Trump nominates his lawyer Emil Bove to 3rd Circuit

Emil Bove

Emil Bove, an attorney for President Donald Trump, sits in Manhattan criminal court during Trump’s sentencing in the hush-money case in New York City on Jan. 10, 2025. (Photo by Jeenah Moon/Pool photo via the Associated Press)

The Department of Justice attorney who directed the dismissal of charges against New York City Mayor Eric Adams will be nominated to the 3rd U.S. Circuit Court of Appeals at Philadelphia, President Donald Trump said Wednesday.

The nominee, Emil Bove, is currently the principal associate deputy attorney general. He previously served as Trump’s personal attorney and was once an assistant U.S. attorney for the Southern District of New York.

The Associated Press, Bloomberg Law, Law360, Law.com, Politico and the New York Times are among the publications with coverage.

In private practice, Bove defended Trump in his trial for falsifying business records to hide a hush-money payment and represented Trump in the now-dropped federal cases related to his handling of classified documents and election-fraud claims.

“Emil is smart, tough and respected by everyone,” Trump wrote on Truth Social, his social media platform, in announcing the nomination. “He will end the weaponization of justice, restore the rule of law, and do anything else that is necessary to, Make America Great Again.

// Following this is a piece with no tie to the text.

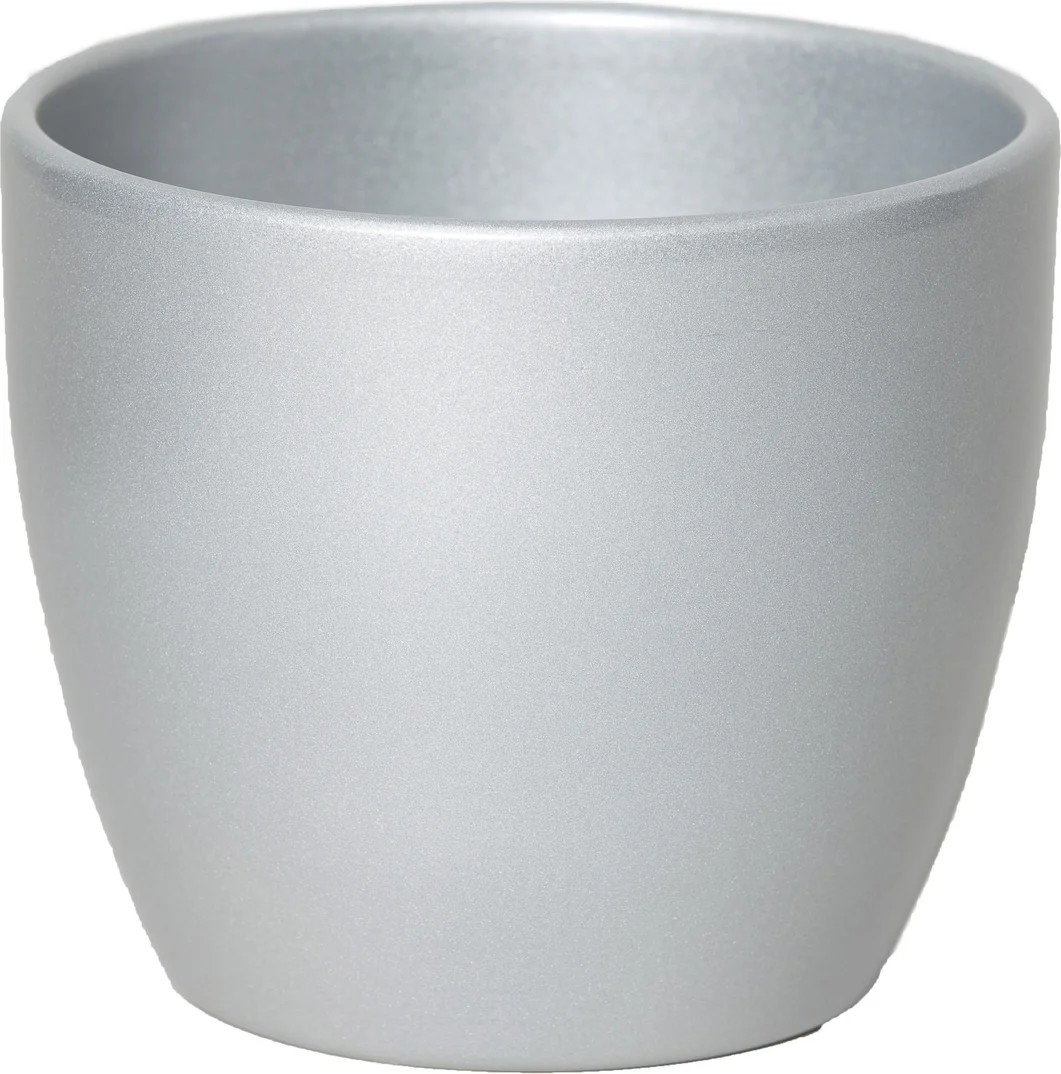 Pot boule d7,5h6 cm zilver Floran - Floran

Emil Bove will never let you down!”

Politico described Bove as one of Trump’s “closest and most truculent legal allies.” The New York Times reports that during his short time in the DOJ, Bove “emerged as a stoic and unyielding enforcer of the president’s agenda.”

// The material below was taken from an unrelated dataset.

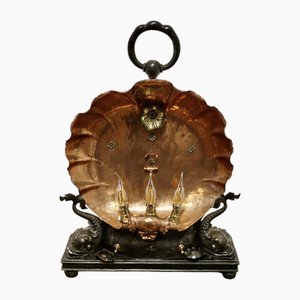 Elektrische Tischlampe, 1890er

Bove’s call for dismissal of charges against Adams led at least 11 federal prosecutors to leave, according to past media coverage.

At the DOJ, Bove also threatened to prosecute state and local officials who didn’t cooperate in immigration enforcement and wrote a memo supporting the firing of federal prosecutors who pursued cases against people involved in the Jan. 6, 2021, U.S. Capitol riot.

The leading Democrat on the Senate Judicial Committee, Sen. Dick Durbin of Illinois, said in a statement he was “deeply concerned” about the nomination. Bove’s activities “are part of a broader pattern by President Trump and his allies to undermine the traditional independence of the Justice Department and the rule of law,” Durbin said.

Among the groups opposing Bove’s nomination is the Leadership Conference on Civil and Human Rights. In a statement, the group’s senior director of its fair court program, Lena Zwarensteyn, called Bove “unfit to serve in our judiciary” and said his leadership at the DOJ has been “disastrous for our communities.”